One significant advance in our understanding of consciousness was that there are unconscious processes in the brain.
Review of David Chalmers easy and hard problems of consciousness and Thomas Nagel’s “what it is like to be a bat” paper.
As Crick warned, philosophers play by different rules from scientists.
These philosophical views are really a confession of despair.
Not one piece of experimental evidence directly points to a non-material explanation of mind.
In the last decade or so, the insights provided by Hebb and Crick into how to study consciousness scientifically by focusing on precise, solvable problems seems to have been somewhat forgotten.
Although there are many ways of theorizing consciousness, there are currently two main scientific approaches, the global workspace theory and integrated information theory, neither of which is widely accepted.
Quantum approaches to understanding biological phenomena are attractive to some people, partly because of the assumption that if two things are mysterious, then they may be linked, but there’s no evidence that quantum mechanics can explain consciousness.
Clarity will come when we have a more solid basis to build upon.
It’s unlikely that there will be a single experiment or theory that demonstrates how brain activity becomes conscious.

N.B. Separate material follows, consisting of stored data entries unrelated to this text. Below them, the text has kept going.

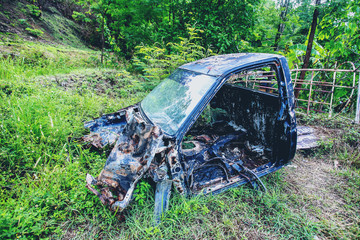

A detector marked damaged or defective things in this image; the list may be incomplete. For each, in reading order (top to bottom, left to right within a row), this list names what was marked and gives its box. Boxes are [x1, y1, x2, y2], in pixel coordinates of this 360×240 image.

shattered windshield [141, 68, 217, 135]
burned car wreck [83, 53, 296, 220]
rusted chassis [83, 53, 296, 220]
rusty car frame [83, 52, 296, 221]
charred metal [83, 53, 296, 221]
damaged car roof [179, 53, 282, 76]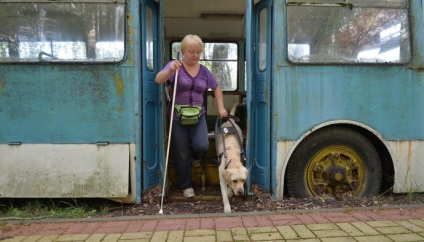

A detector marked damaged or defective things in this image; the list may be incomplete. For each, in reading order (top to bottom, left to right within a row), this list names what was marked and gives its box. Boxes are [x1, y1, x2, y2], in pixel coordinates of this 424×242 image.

rusty metal panel [0, 144, 129, 199]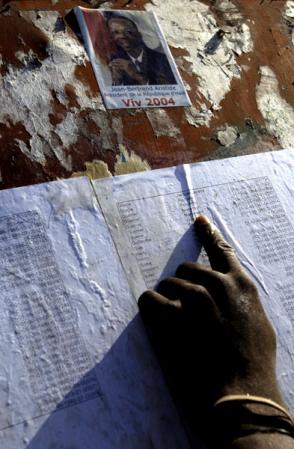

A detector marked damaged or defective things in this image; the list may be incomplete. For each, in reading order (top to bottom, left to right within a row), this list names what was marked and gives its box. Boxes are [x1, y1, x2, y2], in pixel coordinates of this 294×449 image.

peeling paint on wall [72, 158, 112, 178]
remnant of torn poster [72, 7, 189, 109]
peeling paint on wall [114, 145, 150, 177]
cracked wall surface [0, 0, 294, 186]
peeling paint on wall [145, 108, 180, 136]
peeling paint on wall [146, 0, 254, 122]
peeling paint on wall [256, 66, 294, 147]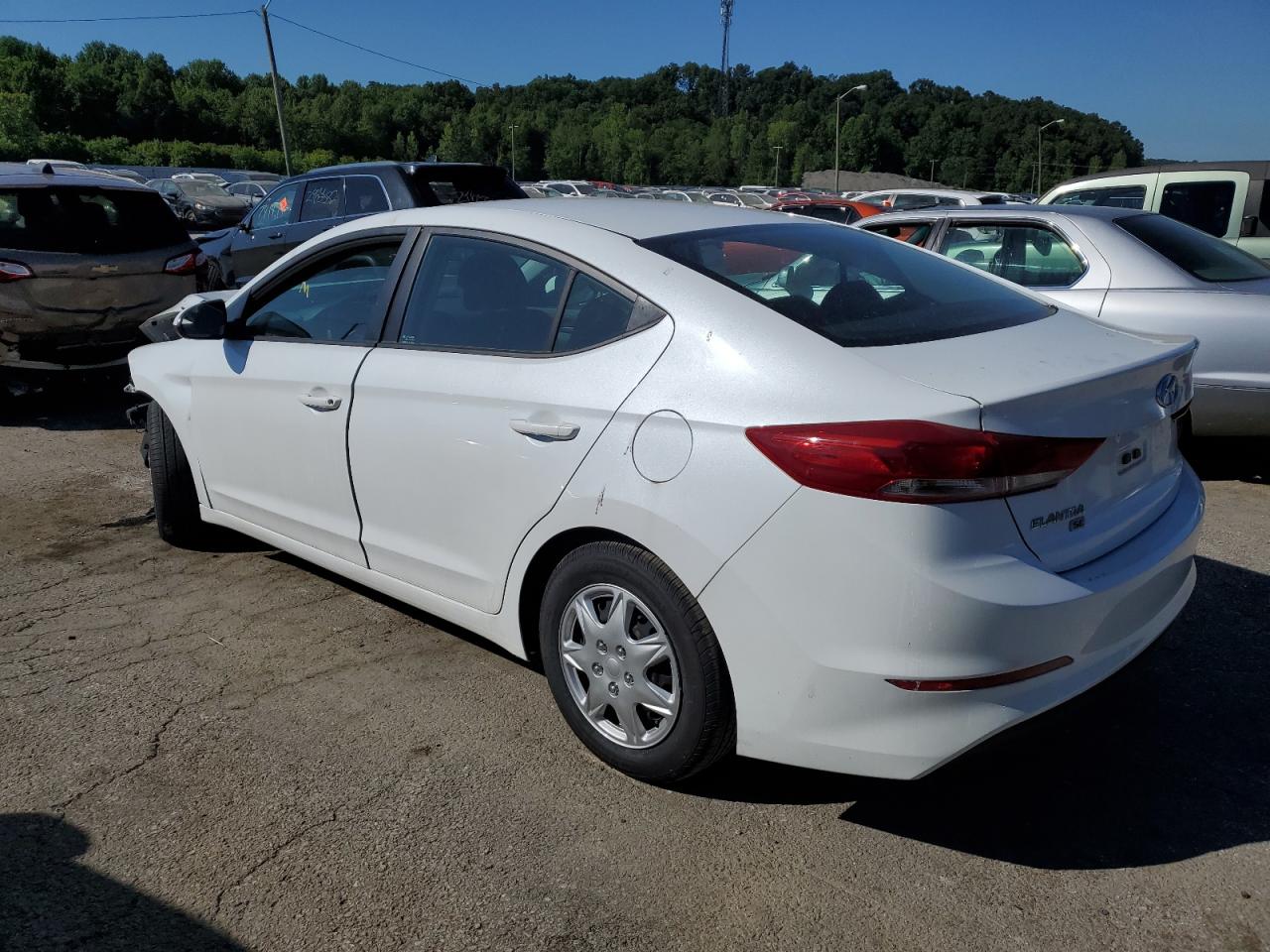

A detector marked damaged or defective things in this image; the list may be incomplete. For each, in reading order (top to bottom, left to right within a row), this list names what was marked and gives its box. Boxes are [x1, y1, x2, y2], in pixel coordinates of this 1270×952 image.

cracked asphalt [0, 383, 1262, 948]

Just like how our thinking shifted from the site of thought in the heart to the brain; there was no brain-centric moment then, it seems unlikely that there will be a similar shift for consciousness in the future.

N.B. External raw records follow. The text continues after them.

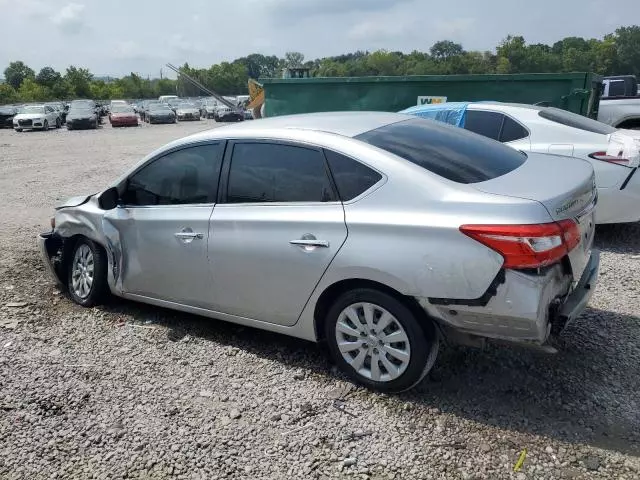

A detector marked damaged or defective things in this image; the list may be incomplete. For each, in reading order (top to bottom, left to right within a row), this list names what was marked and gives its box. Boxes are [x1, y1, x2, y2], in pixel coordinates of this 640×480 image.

damaged vehicle [38, 112, 600, 394]
damaged silver sedan [38, 113, 600, 394]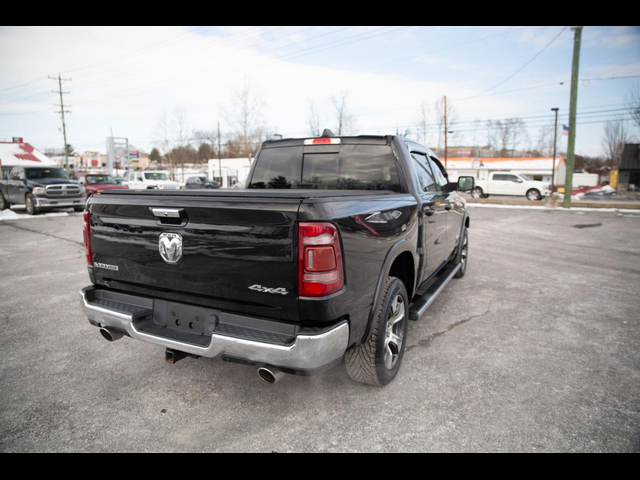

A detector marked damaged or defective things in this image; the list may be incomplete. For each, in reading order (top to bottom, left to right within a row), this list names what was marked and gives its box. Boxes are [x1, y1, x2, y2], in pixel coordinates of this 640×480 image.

cracked pavement [0, 209, 636, 450]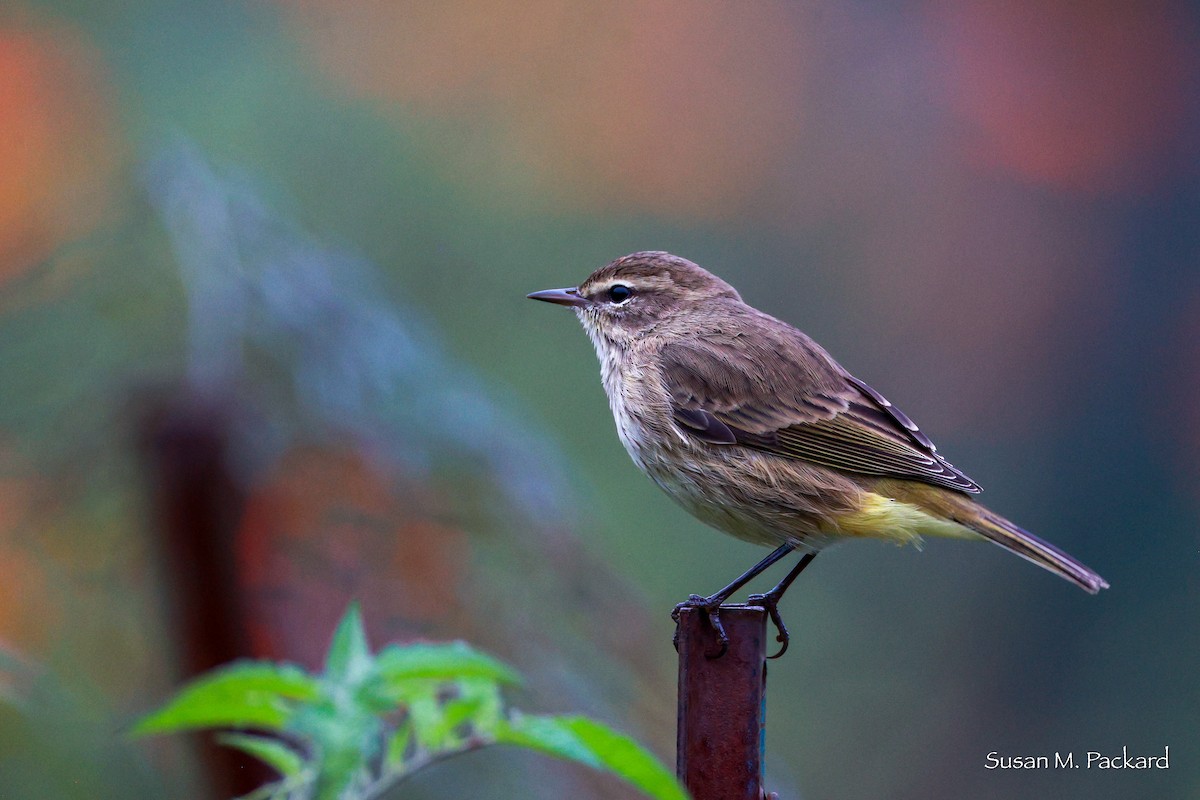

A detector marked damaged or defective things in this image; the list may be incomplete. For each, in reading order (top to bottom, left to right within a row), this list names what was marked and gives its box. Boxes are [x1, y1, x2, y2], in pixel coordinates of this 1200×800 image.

rusty metal post [676, 608, 768, 800]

Instead, the slow accumulation of evidence will gradually shed light.
Part III: Future
Neuroscience still largely lacks organizing principles or a theoretical framework for converting brain data into fundamental knowledge and understanding.
Our understanding of the brain appears to be approaching an impasse.

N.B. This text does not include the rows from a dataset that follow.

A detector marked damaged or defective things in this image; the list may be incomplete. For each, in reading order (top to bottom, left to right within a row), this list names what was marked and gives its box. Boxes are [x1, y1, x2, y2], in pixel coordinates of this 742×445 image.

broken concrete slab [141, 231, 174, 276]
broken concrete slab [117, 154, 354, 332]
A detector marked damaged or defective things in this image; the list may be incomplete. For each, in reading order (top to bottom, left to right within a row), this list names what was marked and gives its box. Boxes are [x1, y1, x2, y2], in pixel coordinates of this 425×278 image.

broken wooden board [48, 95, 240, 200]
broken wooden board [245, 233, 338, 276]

What’s the next metaphor to be used to understand the brain?
We should dismiss with any metaphors regarding the brain and focus on it alone.
In the past, we’ve used new kinds of technology. This implies that the appearance of new and insightful metaphors for the brain hinges on future technological breakthroughs.
However, there is no sign of such development.
Review of weak and strong emergence as a way to explain the brain.
Attempts to reverse-engineer the brain are doomed to failure, as one researcher argued because the starting point is almost certainly wrong: there is no overall logic.
The inability of neuroscientists to understand a microprocessor given our current approaches hints that we still need to make significant theoretical breakthroughs.
One of the greatest problems that we have to solve is how to link the cell-level of the brain with the population-level of the brain.
The author suspects that for much of the rest of the century, this is the main problem we face.
An even bigger problem with theories that are intended to understand brain function on the basis of structure can be seen if we imagine that a microprocessor were an example of Crick’s alien technology.
Crick’s alien technology: if we were given a device from a Martian/alien, how could we understand what it does and how it does it?
A full analysis would reveal that input from the external world could alter its function, but it seems unlikely that we would realize that a Martian would use the device to play a game.
And to know that, we would have to see how a Martian interacts with the machine.
In the absence of that external element, both the meaning and the mode of functioning of the device would be obscure.
The author argues for developing analytical techniques and theoretical frameworks for understanding smaller and simpler systems before applying those lessons to humans.
Small brains also enable us to investigate how the structure of the brain is a function of two kinds of history: developmental and evolutionary.
Evolution has solved all of the problems we’re interested in, we just have to find those organisms and figure out how to ask them how they did it.
As we understand more, localization of function will become increasingly blurred and imprecise, and brains will be understood primarily in terms of circuits and their interaction, rather than on the basis of anatomical regions viewed as modules.